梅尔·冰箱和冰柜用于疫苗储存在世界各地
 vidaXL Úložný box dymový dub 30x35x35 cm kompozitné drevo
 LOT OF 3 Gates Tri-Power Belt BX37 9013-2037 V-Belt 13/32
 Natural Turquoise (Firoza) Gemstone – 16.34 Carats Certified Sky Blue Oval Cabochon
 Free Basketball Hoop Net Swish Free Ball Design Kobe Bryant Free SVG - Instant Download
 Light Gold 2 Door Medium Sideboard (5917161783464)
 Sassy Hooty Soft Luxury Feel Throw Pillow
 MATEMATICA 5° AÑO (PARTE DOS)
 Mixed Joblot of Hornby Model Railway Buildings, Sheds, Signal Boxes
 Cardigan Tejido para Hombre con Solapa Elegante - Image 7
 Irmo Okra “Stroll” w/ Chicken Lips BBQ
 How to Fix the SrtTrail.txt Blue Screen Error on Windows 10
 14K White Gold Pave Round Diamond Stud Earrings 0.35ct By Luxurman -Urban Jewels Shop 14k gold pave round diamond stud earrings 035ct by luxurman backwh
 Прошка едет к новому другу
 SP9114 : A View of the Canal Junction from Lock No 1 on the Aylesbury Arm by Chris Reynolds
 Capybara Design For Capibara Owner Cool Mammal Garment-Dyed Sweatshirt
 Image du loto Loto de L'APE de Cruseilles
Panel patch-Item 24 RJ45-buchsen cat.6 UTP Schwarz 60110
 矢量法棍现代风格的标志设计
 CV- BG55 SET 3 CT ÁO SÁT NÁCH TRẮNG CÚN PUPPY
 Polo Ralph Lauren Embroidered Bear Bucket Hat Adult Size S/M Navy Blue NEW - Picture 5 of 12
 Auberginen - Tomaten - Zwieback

◆ ◆ ◆ ◆

:: Your goal ::
The response has to match the records above word for word.

:: Response to the exercise ::
梅尔·冰箱和冰柜用于疫苗储存在世界各地
 vidaXL Úložný box dymový dub 30x35x35 cm kompozitné drevo
 LOT OF 3 Gates Tri-Power Belt BX37 9013-2037 V-Belt 13/32
 Natural Turquoise (Firoza) Gemstone – 16.34 Carats Certified Sky Blue Oval Cabochon
 Free Basketball Hoop Net Swish Free Ball Design Kobe Bryant Free SVG - Instant Download
 Light Gold 2 Door Medium Sideboard (5917161783464)
 Sassy Hooty Soft Luxury Feel Throw Pillow
 MATEMATICA 5° AÑO (PARTE DOS)
 Mixed Joblot of Hornby Model Railway Buildings, Sheds, Signal Boxes
 Cardigan Tejido para Hombre con Solapa Elegante - Image 7
 Irmo Okra “Stroll” w/ Chicken Lips BBQ
 How to Fix the SrtTrail.txt Blue Screen Error on Windows 10
 14K White Gold Pave Round Diamond Stud Earrings 0.35ct By Luxurman -Urban Jewels Shop 14k gold pave round diamond stud earrings 035ct by luxurman backwh
 Прошка едет к новому другу
 SP9114 : A View of the Canal Junction from Lock No 1 on the Aylesbury Arm by Chris Reynolds
 Capybara Design For Capibara Owner Cool Mammal Garment-Dyed Sweatshirt
 Image du loto Loto de L'APE de Cruseilles
Panel patch-Item 24 RJ45-buchsen cat.6 UTP Schwarz 60110
 矢量法棍现代风格的标志设计
 CV- BG55 SET 3 CT ÁO SÁT NÁCH TRẮNG CÚN PUPPY
 Polo Ralph Lauren Embroidered Bear Bucket Hat Adult Size S/M Navy Blue NEW - Picture 5 of 12
 Auberginen - Tomaten - Zwieback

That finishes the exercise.